- Opening Delimiter -

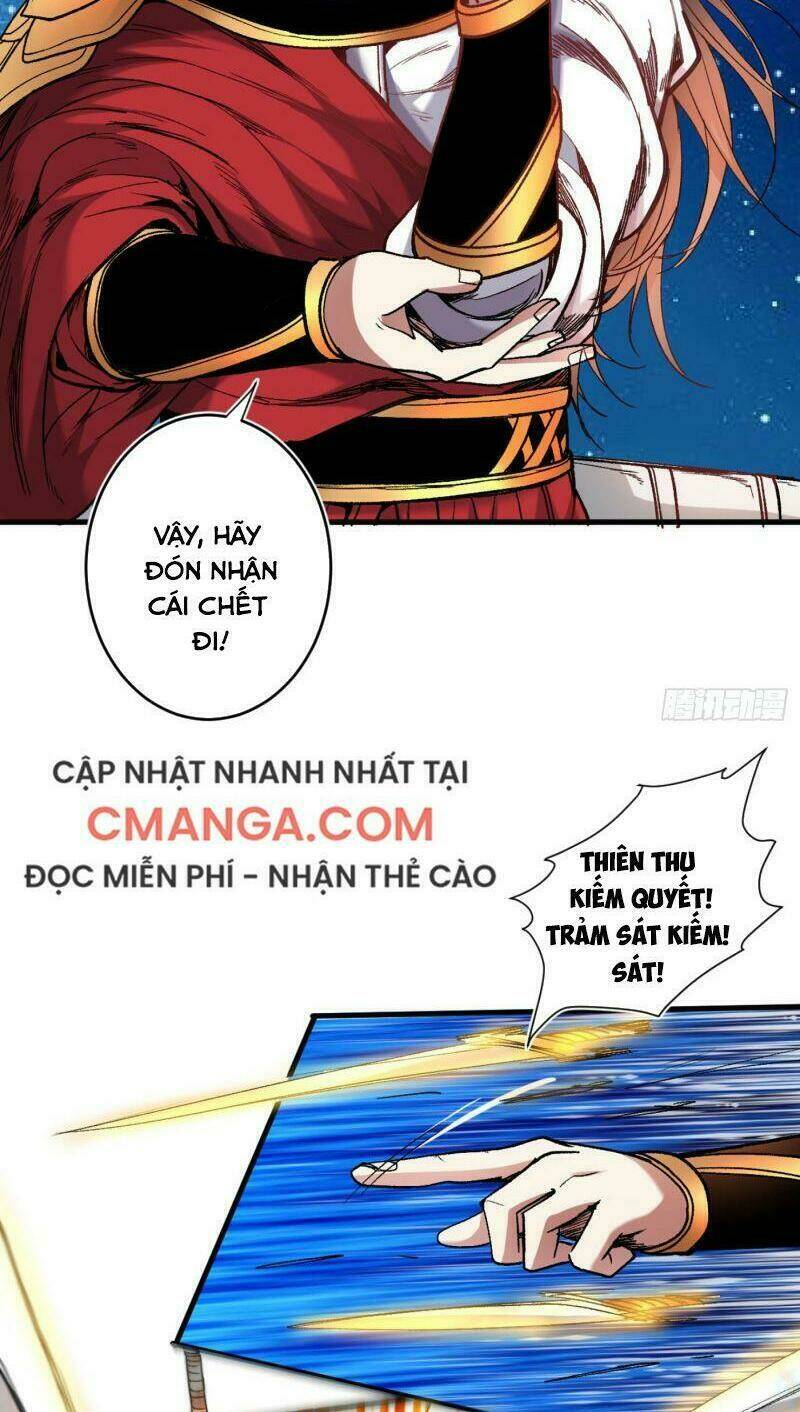 Chương 13 - Trang 17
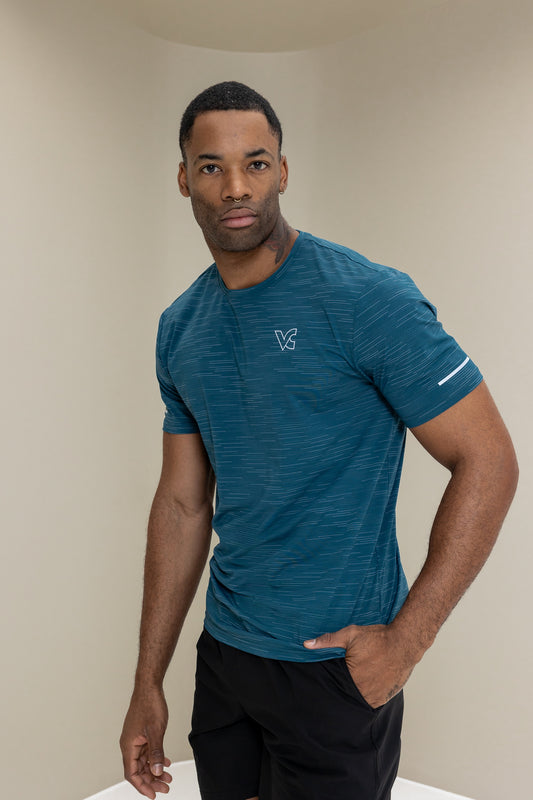 dubai t shirt​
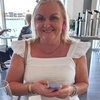 janetdocherty64 - @janetdocherty64 - TikTok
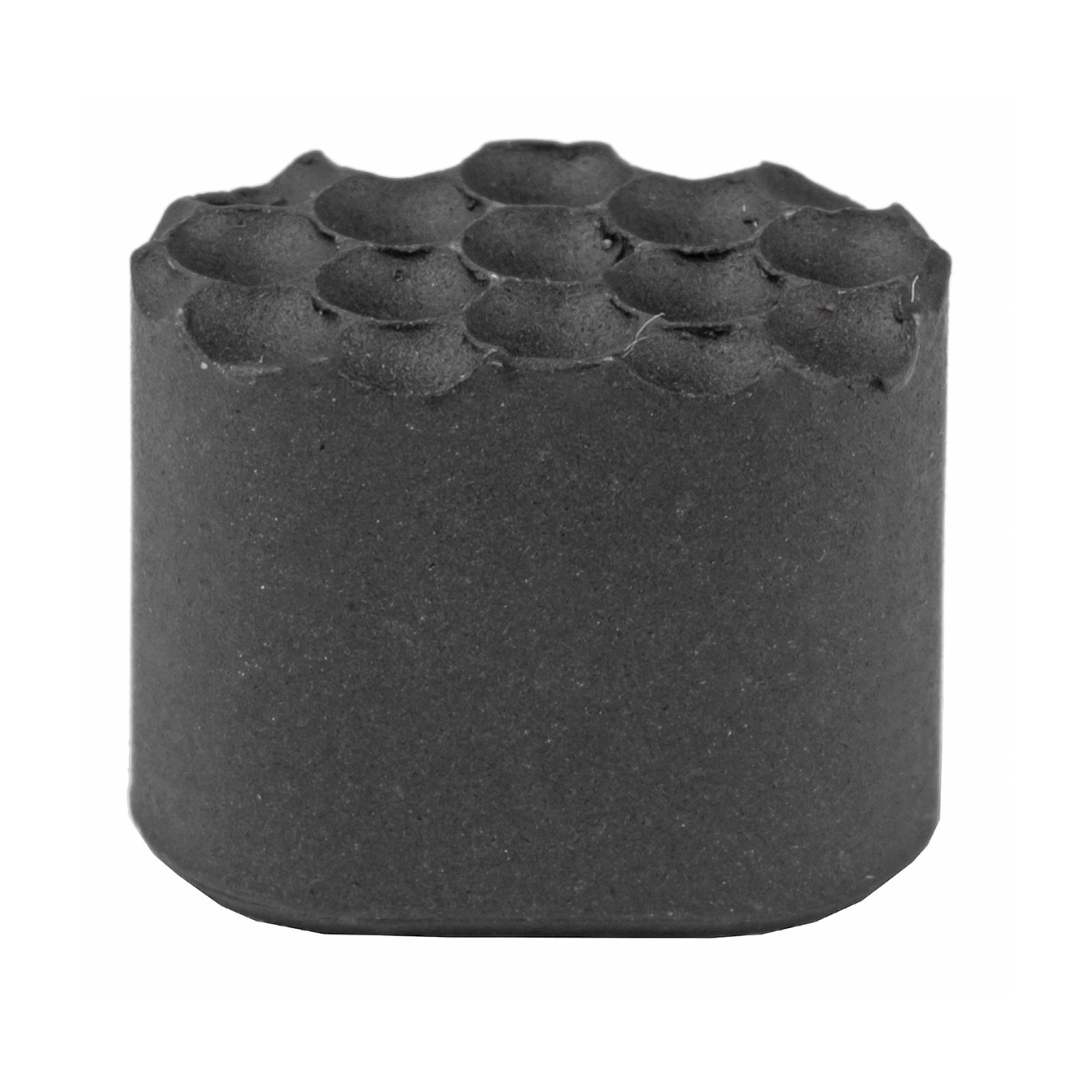Buy San Tan Tactical Extended Magazine Release Black STT-MAGRB-BLK online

- Closing Delimiter -

#### [WORK REQUEST]
Everything in the listing must be restated word for word, except for the pictures.

#### [RESULT]
 Chương 13 - Trang 17
 dubai t shirt​
 janetdocherty64 - @janetdocherty64 - TikTok
Buy San Tan Tactical Extended Magazine Release Black STT-MAGRB-BLK online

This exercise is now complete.